══ The records

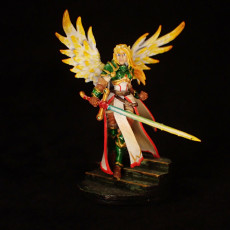 Picture of print of Paladin Aasimar from Kingdom Of Tiradom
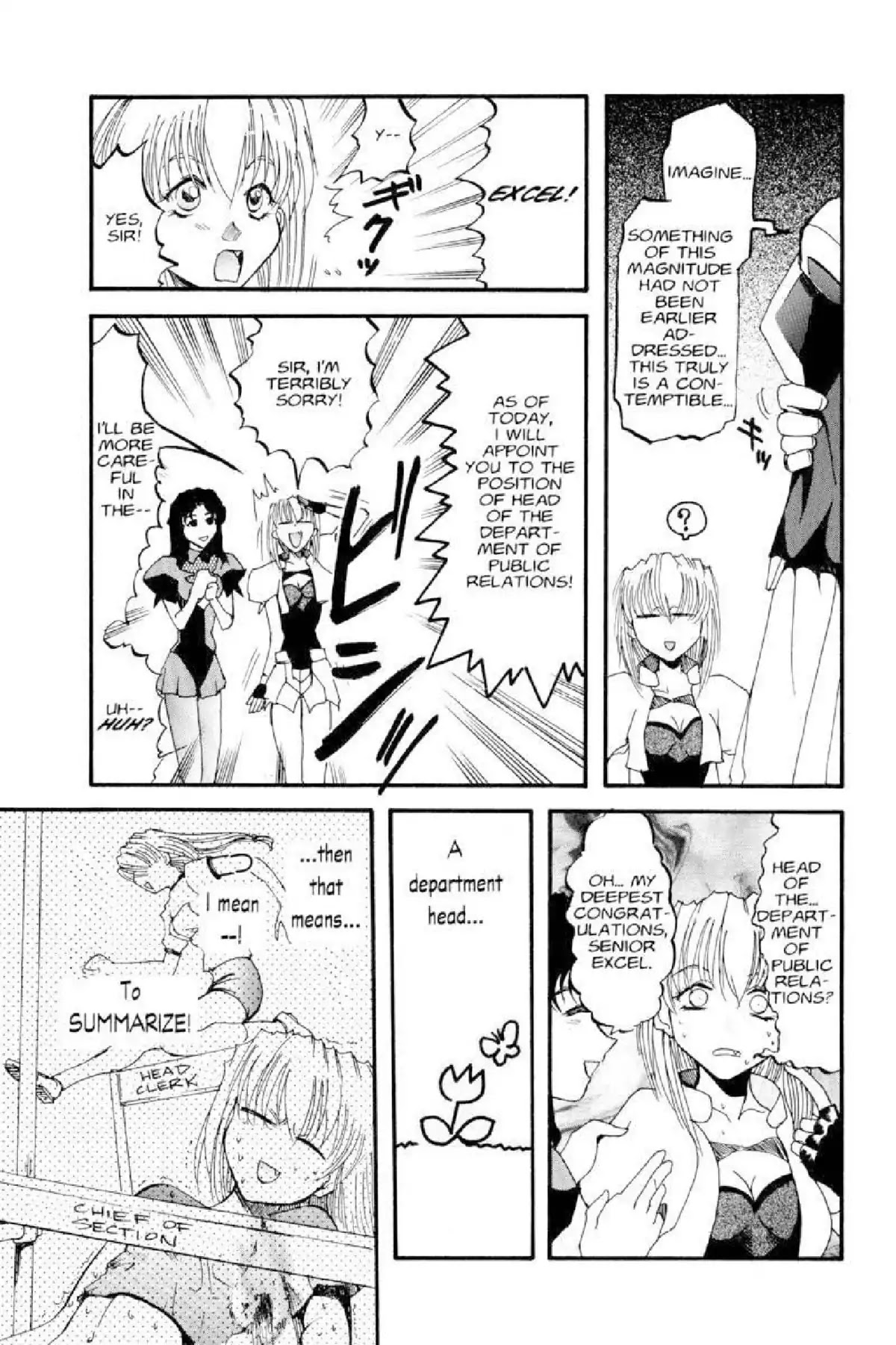 Excel Saga Chapter 2.1 page 11 - Vol.2 Mission 1: Destinies at the Crossroads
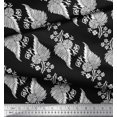 thumbnail image 3 of Soimoi Poly Georgette Fabric Leaves & Floral Block Fabric Prints by Yard 42 Inch Wide, 3 of 3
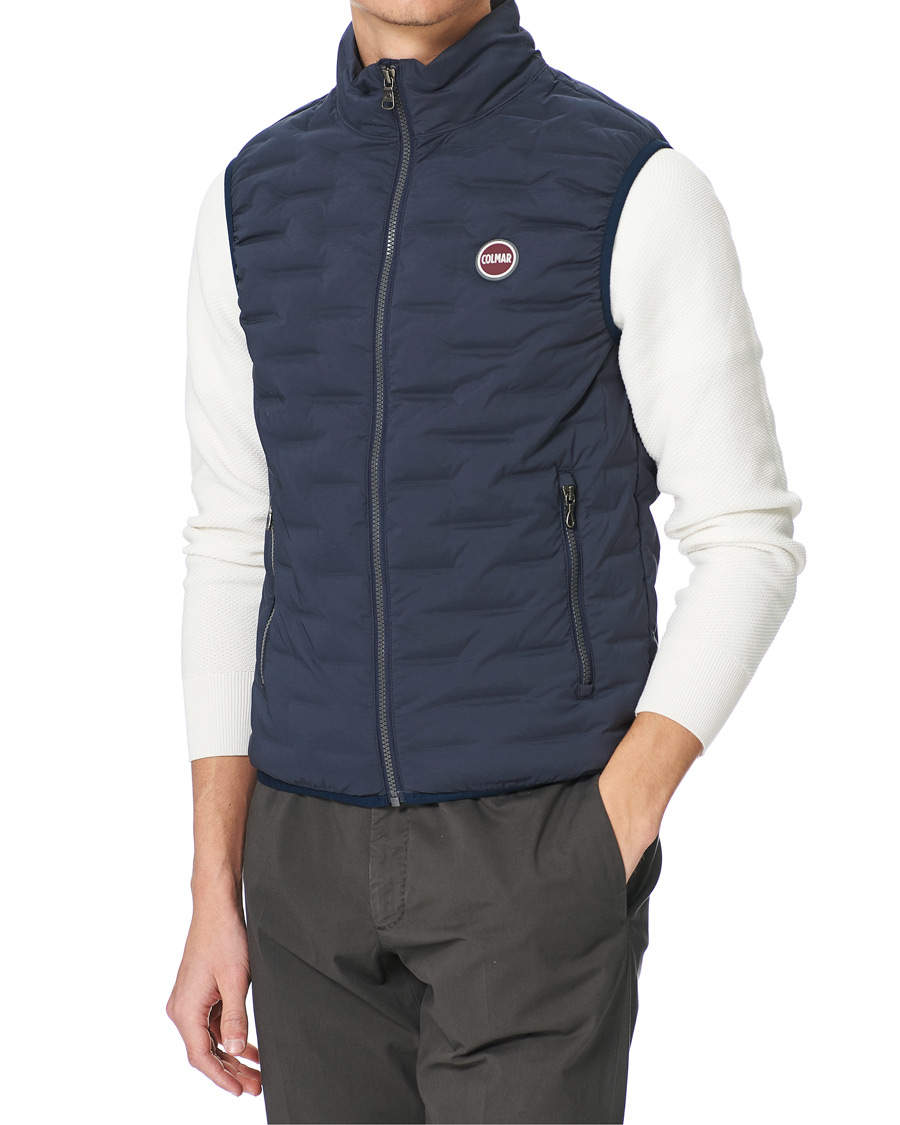 Homme | Manteaux Et Vestes | Colmar | Lightweight Square Vest Navy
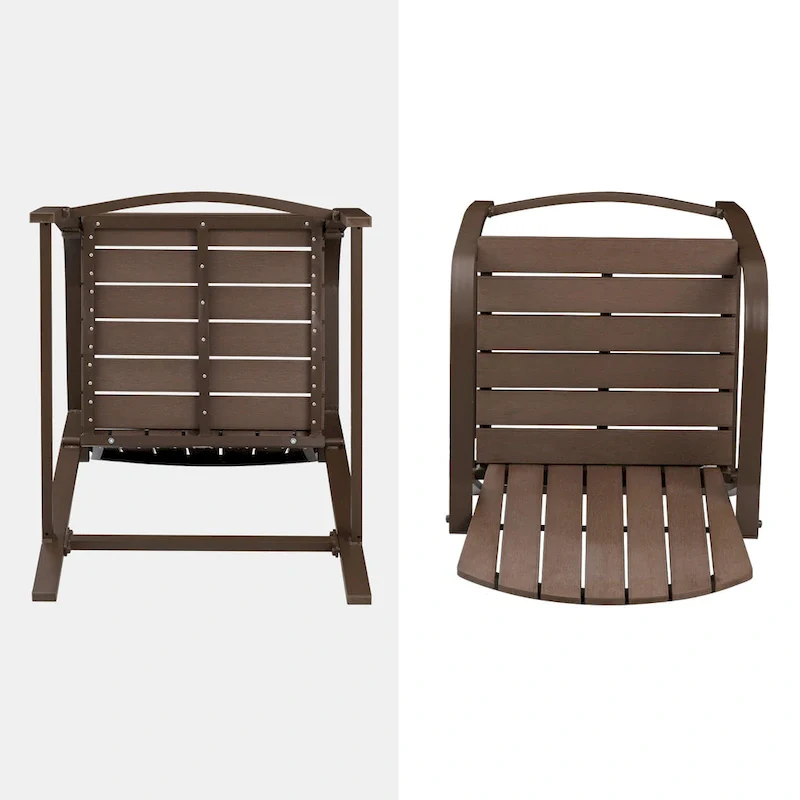 Pellebant 2PCS Patio Bar Stools - 25.19Dx21.96Wx48.22H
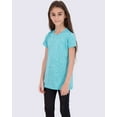 thumbnail image 2 of Real Essentials 4 Pack: Girls Short Sleeve Dry-Fit Crew Neck Active Athletic Performance T-Shirt, 2 of 6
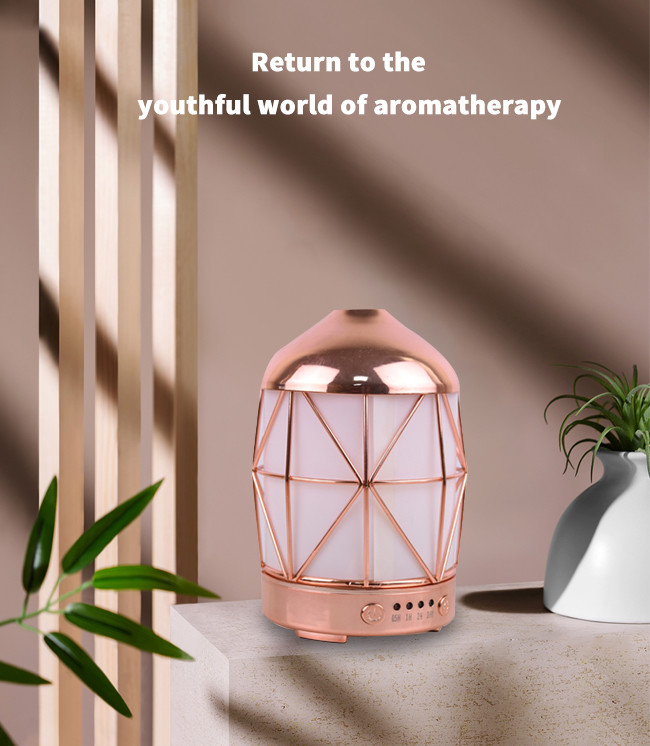 100ml 3-4hours Lantern Iron Aroma Diffuser Ultrasonic Mist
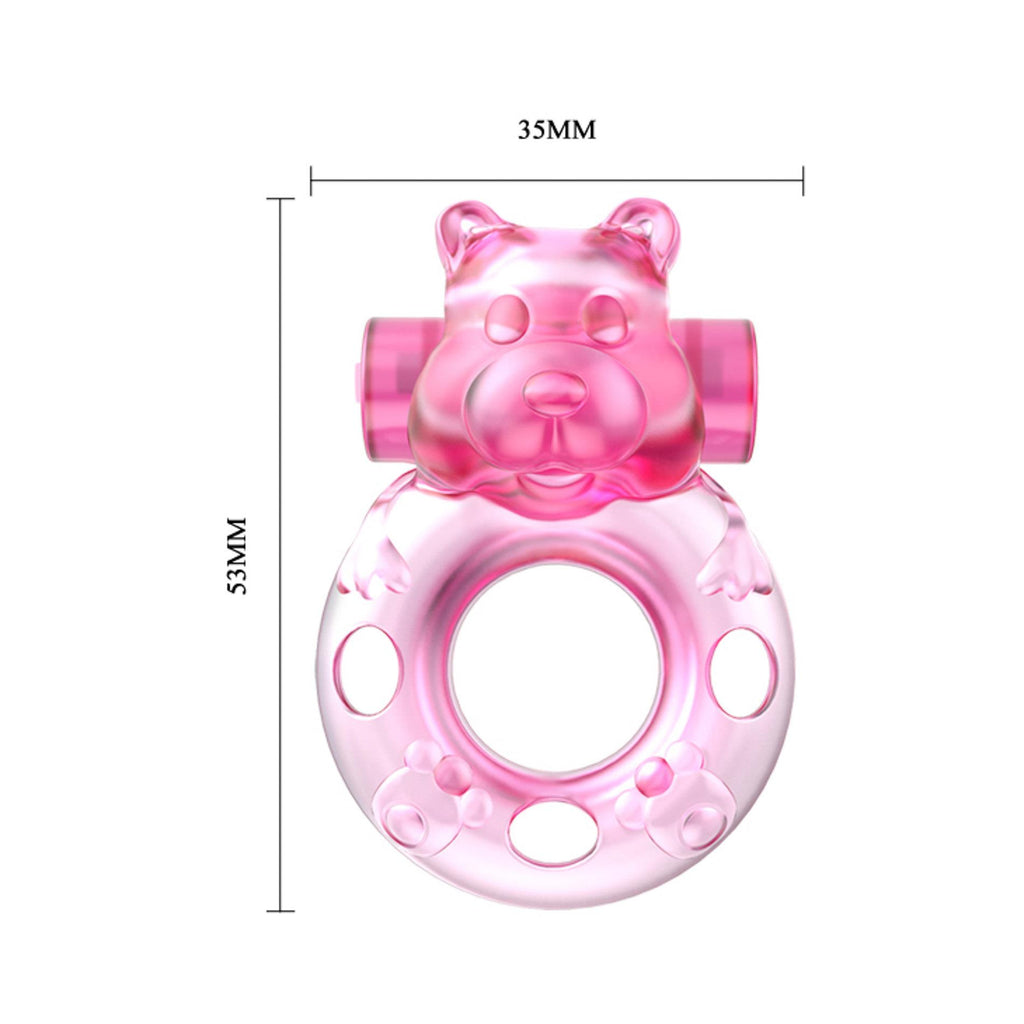 Baile Vibrating Bear Cock Ring · vibrační erekční kroužek s medvídkem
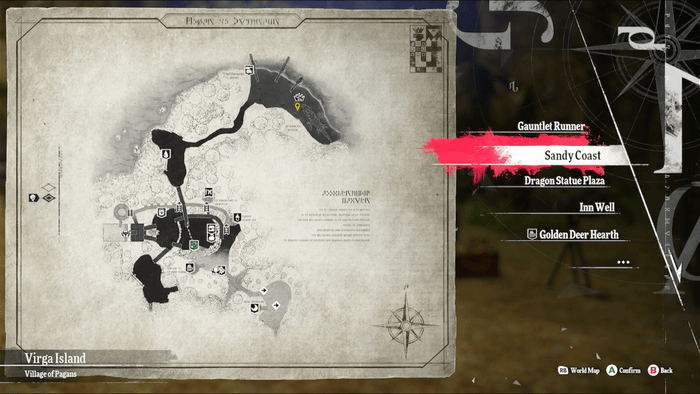 Metaphor ReFantazio - Elderly Seed-Seller Map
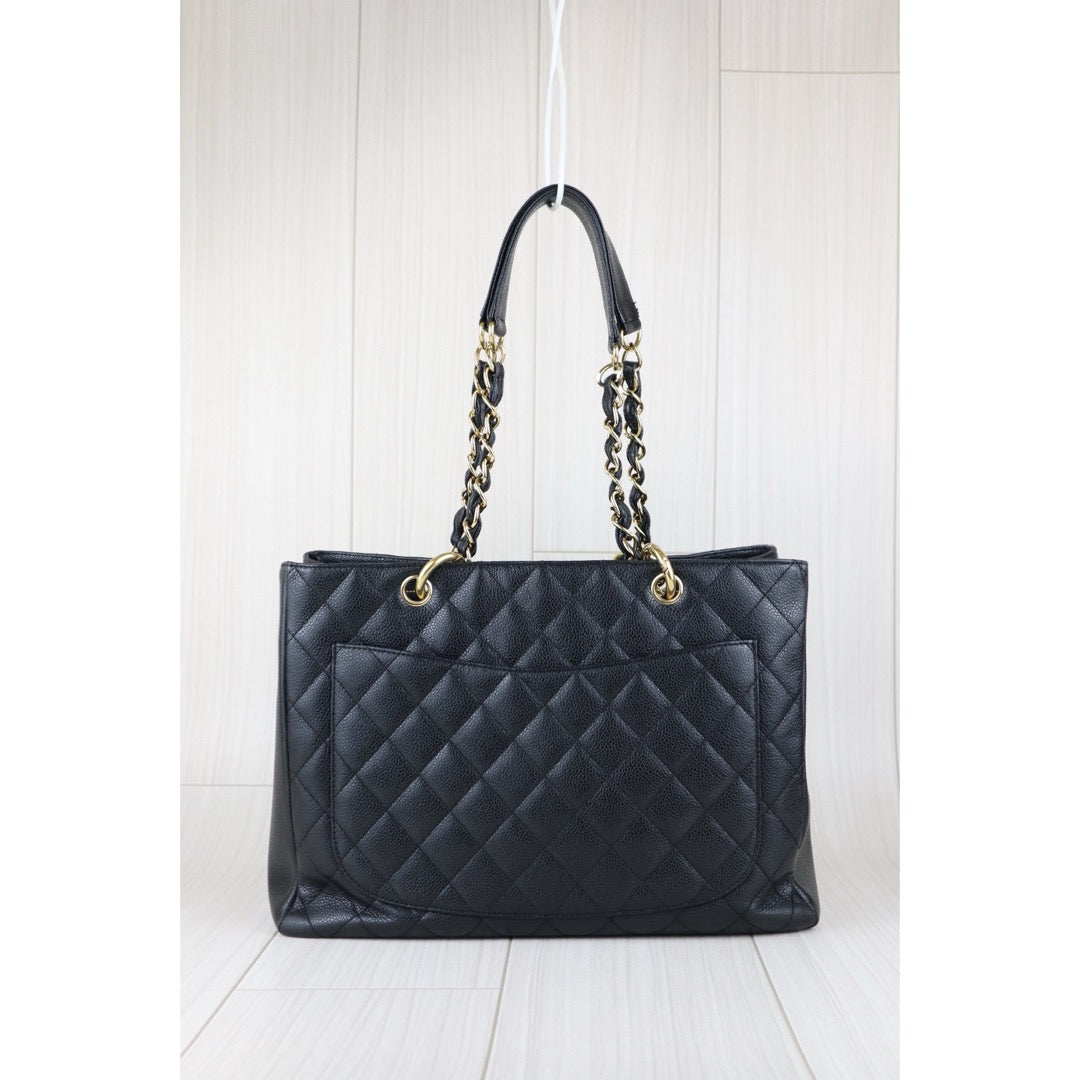 Good ( Rank AB)｜ CHANEL Matrasse GST Chain Tote Bag Caviar Skin Black  Made In 2004 -2005 Year｜J25060502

════

Transcribe the entries above verbatim, excluding any image.

▶ _Solution for this problem_:
 Picture of print of Paladin Aasimar from Kingdom Of Tiradom
 Excel Saga Chapter 2.1 page 11 - Vol.2 Mission 1: Destinies at the Crossroads
 thumbnail image 3 of Soimoi Poly Georgette Fabric Leaves & Floral Block Fabric Prints by Yard 42 Inch Wide, 3 of 3
 Homme | Manteaux Et Vestes | Colmar | Lightweight Square Vest Navy
 Pellebant 2PCS Patio Bar Stools - 25.19Dx21.96Wx48.22H
 thumbnail image 2 of Real Essentials 4 Pack: Girls Short Sleeve Dry-Fit Crew Neck Active Athletic Performance T-Shirt, 2 of 6
 100ml 3-4hours Lantern Iron Aroma Diffuser Ultrasonic Mist
 Baile Vibrating Bear Cock Ring · vibrační erekční kroužek s medvídkem
 Metaphor ReFantazio - Elderly Seed-Seller Map
 Good ( Rank AB)｜ CHANEL Matrasse GST Chain Tote Bag Caviar Skin Black  Made In 2004 -2005 Year｜J25060502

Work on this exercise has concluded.